● DATA SEGMENT
=======

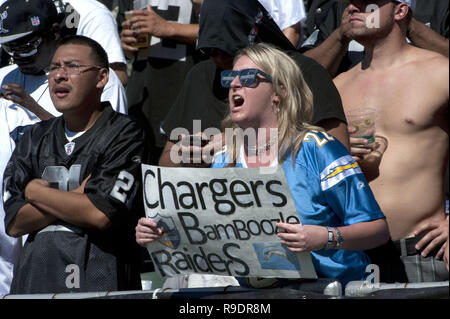 Oakland, Kalifornien, USA. 10.Oktober 2010. Junge Ladegerät Ventilator Wurzeln für Ihr Team am Sonntag, 10. Oktober 2010, im Oakland-Alameda County Coliseum in Oakland, Kalifornien. Die Räuber besiegt die Ladegeräte 35-27. Credit: Al Golub/ZUMA Draht/Alamy leben Nachrichten Stockfoto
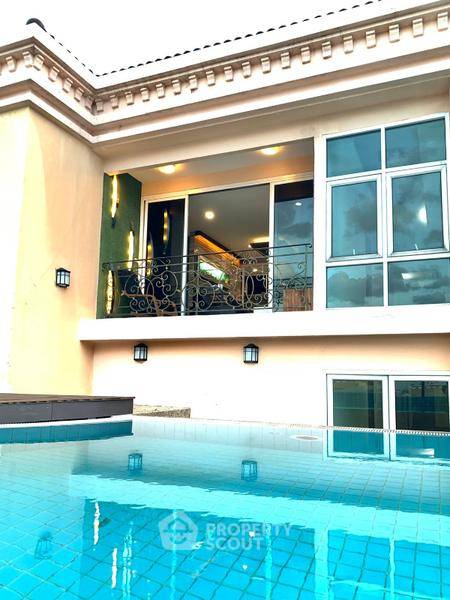 picture 2-BR At The Raffles Condominium Ladprao 42/1 Near MRT Ratchadaphisek (ID 2835660) - 7/8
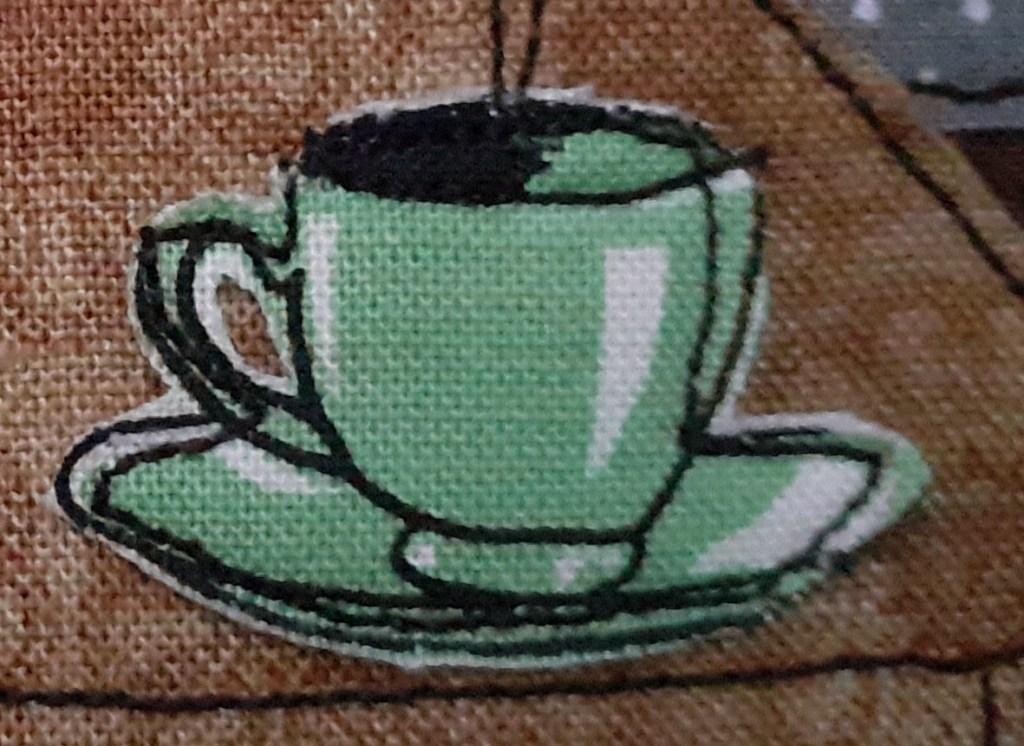 Livre textile de Noël en broderie et appliqué free motion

=======

● PROBLEM DESCRIPTION
Starting with the line that contains "picture 2-BR At", repeat each line exactly through the last line of the data above, and nothing more; the pictures stay out.

● OUTPUT
 picture 2-BR At The Raffles Condominium Ladprao 42/1 Near MRT Ratchadaphisek (ID 2835660) - 7/8
 Livre textile de Noël en broderie et appliqué free motion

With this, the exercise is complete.